1. An injection moulding tool with a mould part (10) for the injection moulding of synthetic plastics and with a carrier (3) to hold the mould part (9) which, in order to form the injection moulding cavity (5), comprises an attachment (19, 21) on the surface contour, at least one cooling space (14, 15) being provided for connection to coolant supply (17) and discharge lines (2), characterised in that the mould part (9) is constructed as an insert mounted separably (10, 11) on the carrier (3) and comprising the surface attachment (19, 21), a major part of its surface being in heat-conductive contact with the carrier (3) and in that the cooling space (14, 15) is disposed in the carrier (3).

2. An injection moulding tool according to Claim 1, characterised in that the mould part (9) consists of steel while the carrier (3) consists of a material which has a greater heat conductivity than steel, preferably a metal such as for example aluminium.

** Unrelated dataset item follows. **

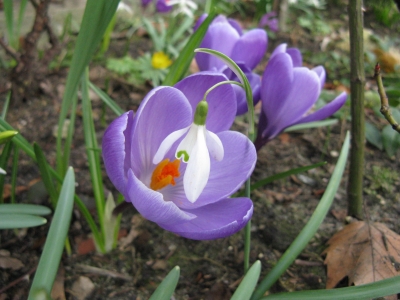 Krokusse und Schneeglöckchen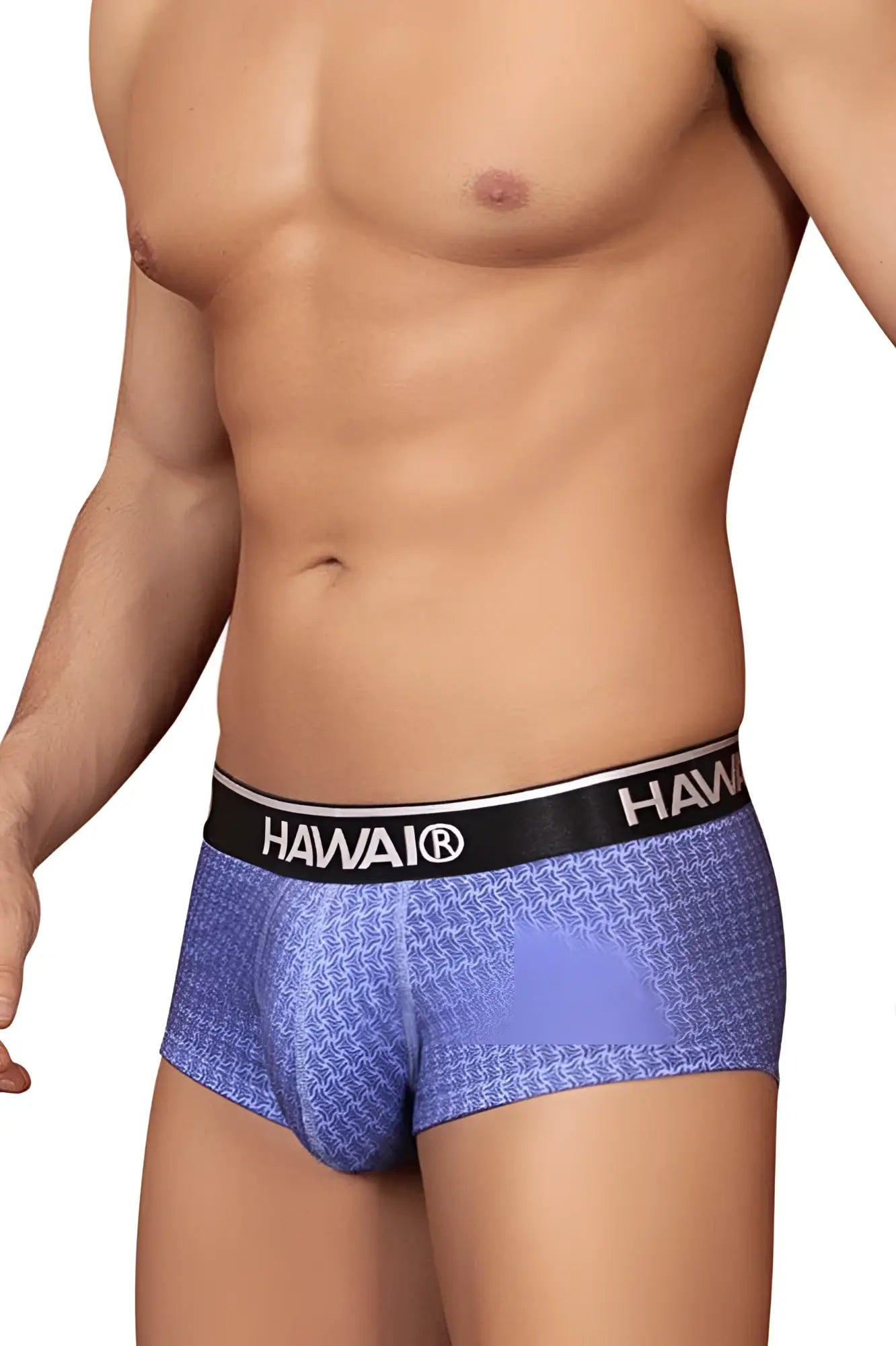 Blue patterned hawaiian men’s briefs with black waistband featuring hawaii logo in printed briefs color blue design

3. An injection moulding tool according to Claim 1 or 2, characterised in that the carrier (3) is angularly shaped in at least one cross-sectional plane.

4. An injection moulding tool according to one of Claims 1 to 3, characterised in that the mould part (9) comprises a thin plate (17, 18) preferably with a thickness of 1 to 5 mm and especially preferably a thickness of 2 to 3 mm, and is attached to the carrier (3) by screws (11).

5. An injection moulding tool according to one of Claims 1 to 4, characterised in that the mould part (9) comprises two plates (17, 18) set at an angle to each other and each of which (17, 18) carries a surface contour attachment (19, 21) and which preferably together enclose an angle of about 90°.

6. An injection moulding tool according to one of Claims 1 to 5, characterised in that at least one anchoring point (10) is provided on the plate (17) of the mould part (9).

7. Use of the injection moulding tool according to one of Claims 1 to 6 for integrally moulding a top (22) and/or bottom on the paper tube (25) of a liquids package.